KIERAN GILBERT: Well let's look at where these talks are at Minister. The Multi-Party Committee are
holding talks today here in Canberra. Apparently the final talks are going to commence over a
weekend in a fortnight from now.

How important is it politically that you get this sewn up, that you get the final detail done, the
compensation, so that you've actually got a bit more detail behind the - and a bit more substance
behind your repudiation of what's been a successful campaign thus far for Mr Abbott and his team?

BRENDAN O'CONNOR: Oh, of course it's important that we resolve these matters as quickly as possible
but we'll do it in a way that ensures we've got the best approach possible, and as the Prime
Minister's made clear, we will get this job done.

It's fundamental Kieran to our economy to ensure that we're not left behind. We don't need to lead
the way on all of these things globally but we cannot allow our economy to be stuck when everyone
else is moving to a low carbon economy.

And that's why it's important and that's why you'll see enormous work, not only by the Government
but all members of the Multi-Party Committee on Climate Change because this is an absolute
essential reform for Australia.

KIERAN GILBERT: Senator Brandis, I'll go to you now for your response to that.

GEORGE BRANDIS: Could I respond to that and I wonder if we could reintroduce a little bit of rather
than sort of talking about esoteric things like what the Economist Intelligence Unit might be
saying to each other in London at the moment.

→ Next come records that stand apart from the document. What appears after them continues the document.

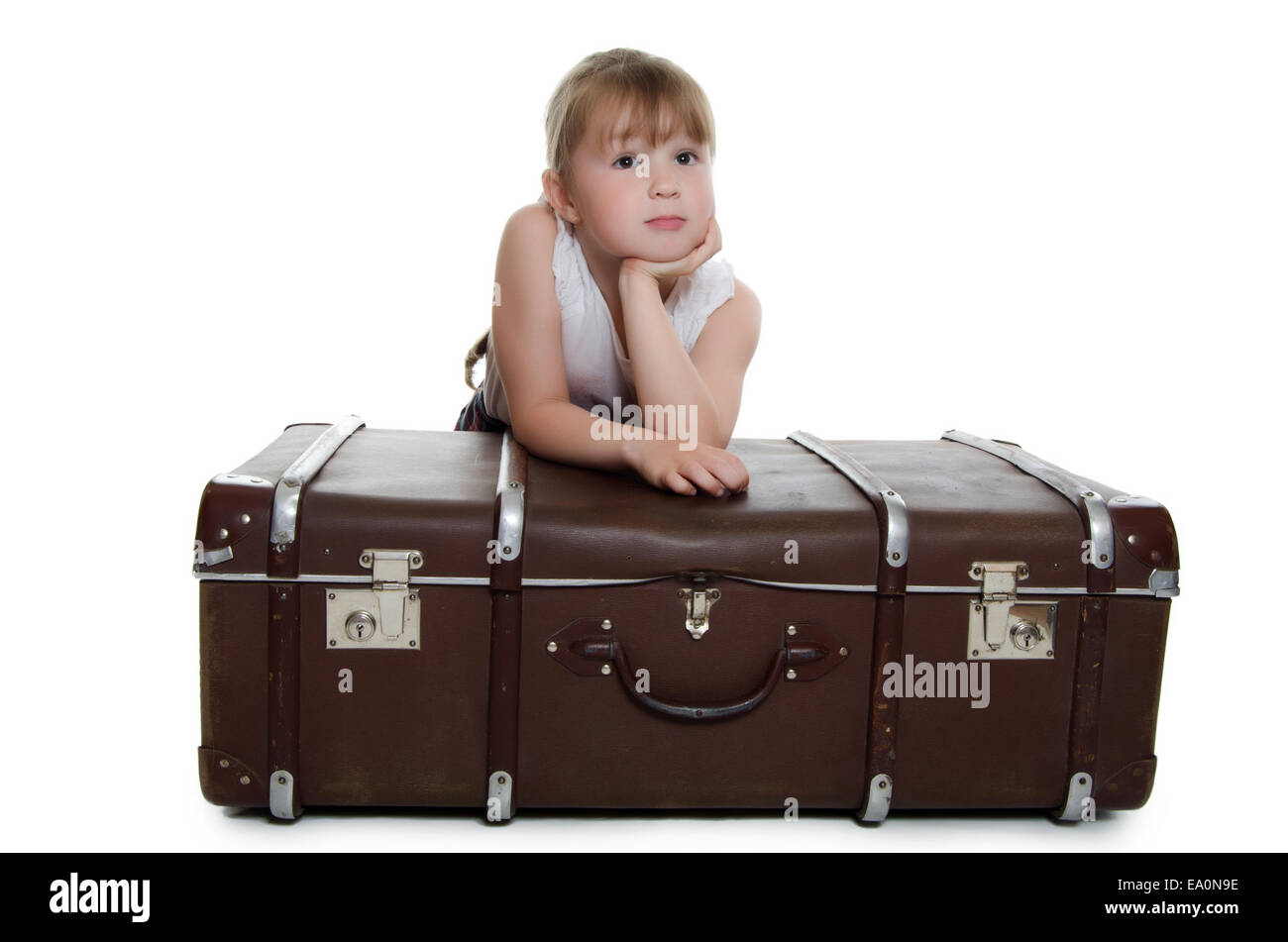 The little girl on old suitcases Stock Photo Alamy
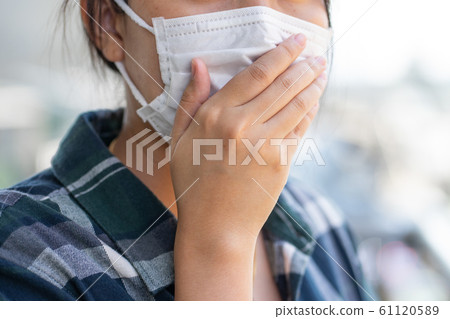 Woman wearing face mask protect filter against air Woman wearing face mask protect filter against air 61120589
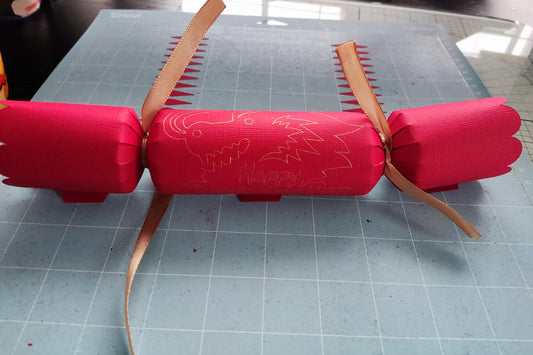 Handmade red Chinese New Year cracker with gold foil dragon design, tied with gold ribbon, shown flat on a crafting mat during assembly.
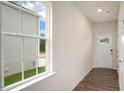 Bright entryway with wood-look floors, a window to the left, and a white front door at 120 Pisgah St, Sanford, NC 27330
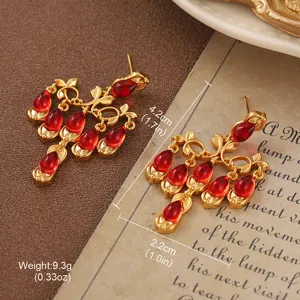 Vintage gold drop earrings with red stones and dimensional markers in detail view.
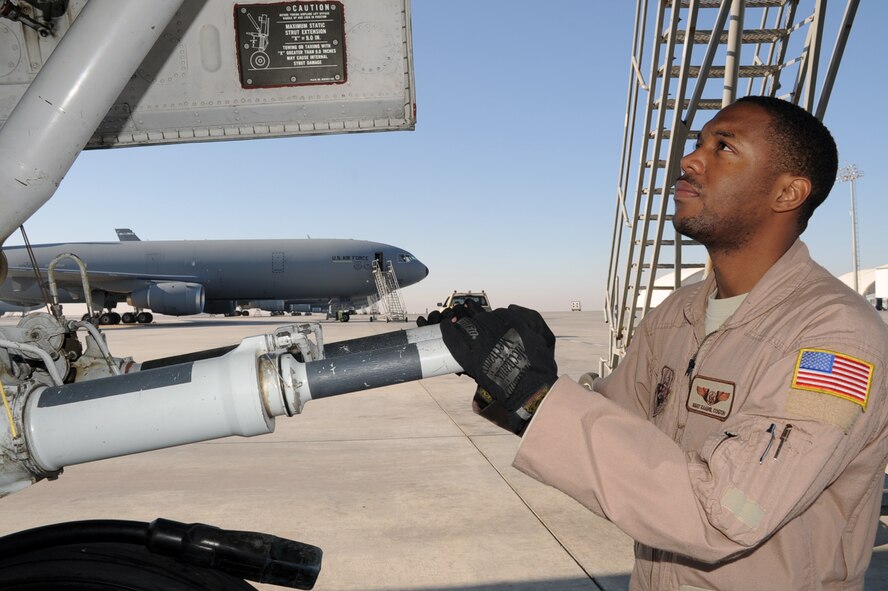Staff Sgt. Kaamil Coston, KC-10 Extender flight engineer with the 908th Expeditionary Air Refueling Squadron at a non-disclosed base in Southwest Asia, checks the landing gear of a KC-10 Jan. 8, 2009.  Sergeant Coston, deployed from the 2nd Air Refueling Squadron at McGuire Air Force Base, N.J., ensures the KC-10 is ready to fly when a mission is prepared -- essentially the "systems expert" for the airframe.  The KC-10 is an Air Mobility Command advanced tanker and cargo aircraft designed to provide increased global mobility for U.S. armed forces. Although the KC-l0's primary mission is aerial refueling, it can combine the tasks of a tanker and cargo aircraft by refueling fighters and simultaneously carry the fighter support personnel and equipment on overseas deployments. Sergeant Coston's hometown is Staten Island, N.Y.  (U.S. Air Force Photo/Tech. Sgt. Scott T. Sturkol/Released) 
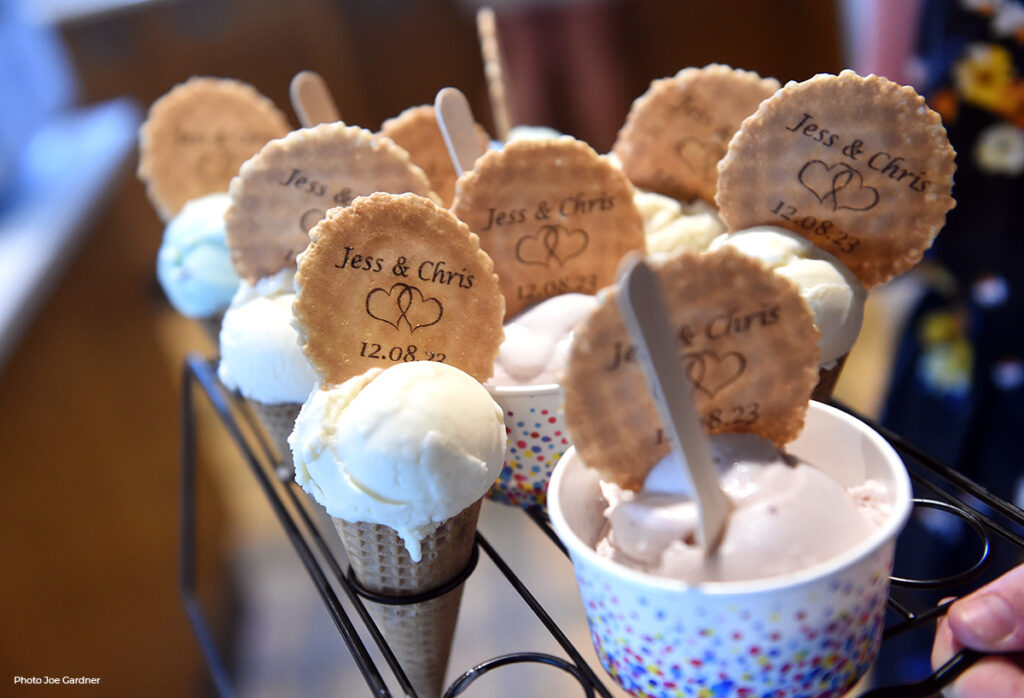 Close-up of personalized ice cream wafers, each inscribed with 'Jess & Chris 12.08.23', stuck in scoops of ice cream in various cones, offering a bespoke touch to a summer wedding treat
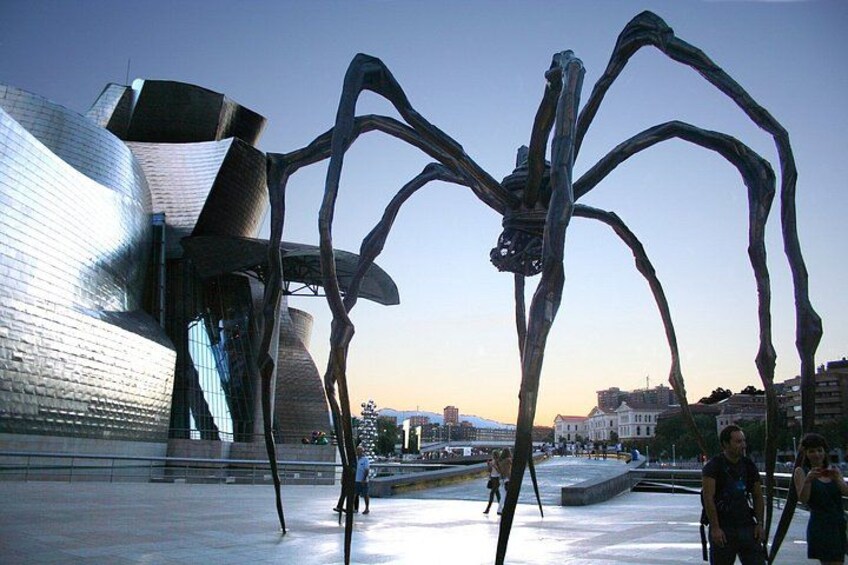 A modern sculpture of a spider in an urban setting with a reflective building in the background. 2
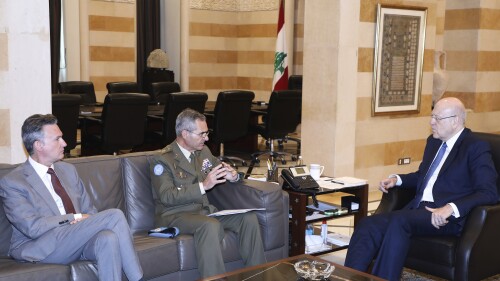 In this photo released by Lebanon's official government photographer Dalati Nohra, Lebanese caretaker Prime Minister Najib Mikati, right, meets with the Head of Mission and Force Commander of the United Nations Interim Force in Lebanon (UNIFIL), Major General Aroldo Lazaro Saenz of Spain, center, in Beirut, Lebanon, Monday, July 10, 2023. The commander of the U.N. peacekeeping force deployed on the tense Lebanon-Israel border relayed Monday an Israeli request to remove a tent set up by the militant Hezbollah group in a disputed area along the frontier, the foreign minister said Monday. (Dalati Nohra via AP)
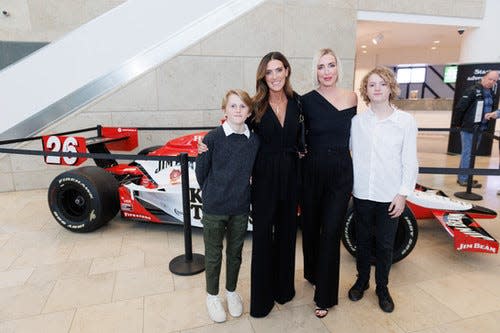 Director Laura Brownson (second from left) and the Wheldons (Oliver, Susie and Sebastian) pose together ahead of the airing of the film 'The Lionheart', which captures the essence of the late-Dan Wheldon and his family, to open the first night of the Heartland International Film Festival.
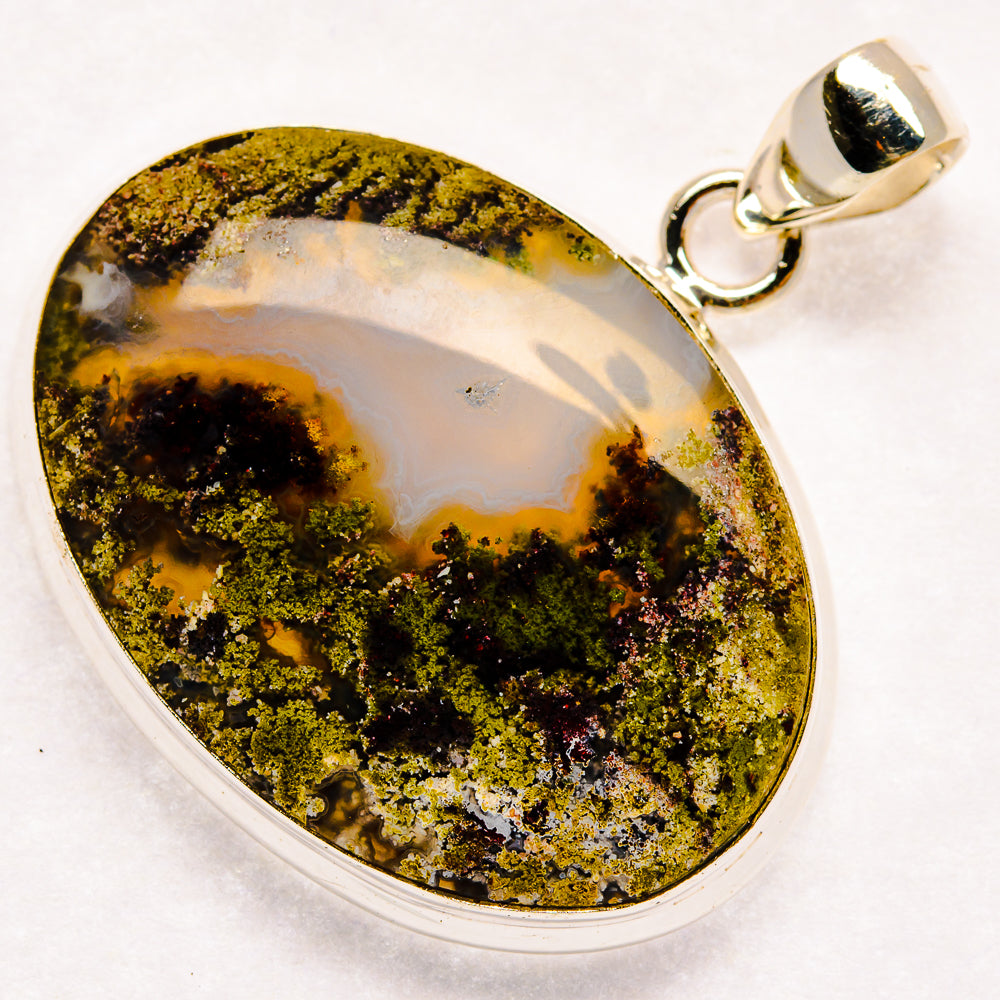 Oval plume agate pendant with yellow-green plume inclusions and silver bail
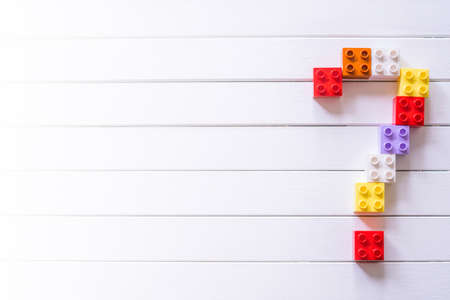 Colorful Kid's block toy forming a big Question mark.Child education concept.の写真素材
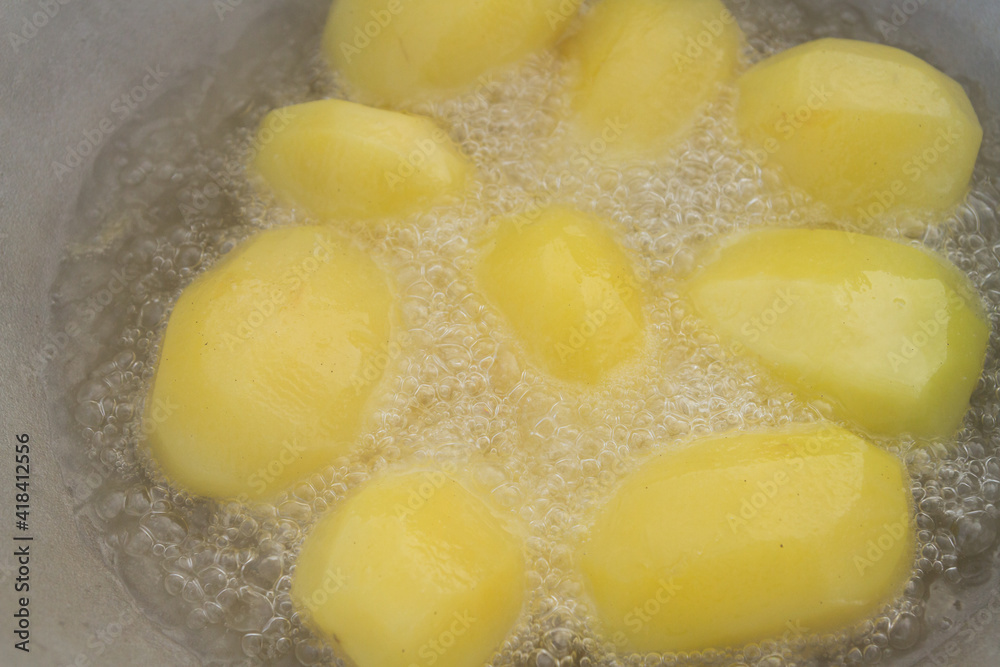 Golden potatoes are fried in boiling oil in a cauldron Golden potatoes are fried in boiling oil in a cauldron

I think that we should reintroduce a little bit of a reality into this debate and think about what
Australians - every day Australians - are saying to each other in the workplaces and shopping
centres of Australia today. They don't want it. This government promised it wouldn't introduce it.
It is going ahead to introduce it - the carbon tax - because it had to do a deal with Bob Brown to
sacrifice the interests of working families in order to get back into government.

And it will make not one iota of difference in the absence of coordinated international action, and
Brendan is quite wrong when he said everyone is moving in this direction.

The big polluting economies are not. China is not introducing a carbon tax or an emissions trading
scheme. The United States is not introducing a carbon tax and the Obama administration has
abandoned the emissions trading scheme, neither is Russia, neither is India and the Coalition's
view is that in the absence of coordinated international action...

BRENDAN OCONNOR: Do nothing, do nothing.

GEORGE BRANDIS: ...all this will do is will exploit Australian jobs to the high polluting cheap
labour economies with India and China...

BRENDAN OCONNOR: See we have to be prepared to deal with this issue and clearly Tony Abbott wants
to put his head in the sand and hope it goes away. It will not go away and if we're not prepared
for the changes globally then we'll be left behind, there's no doubt in our mind.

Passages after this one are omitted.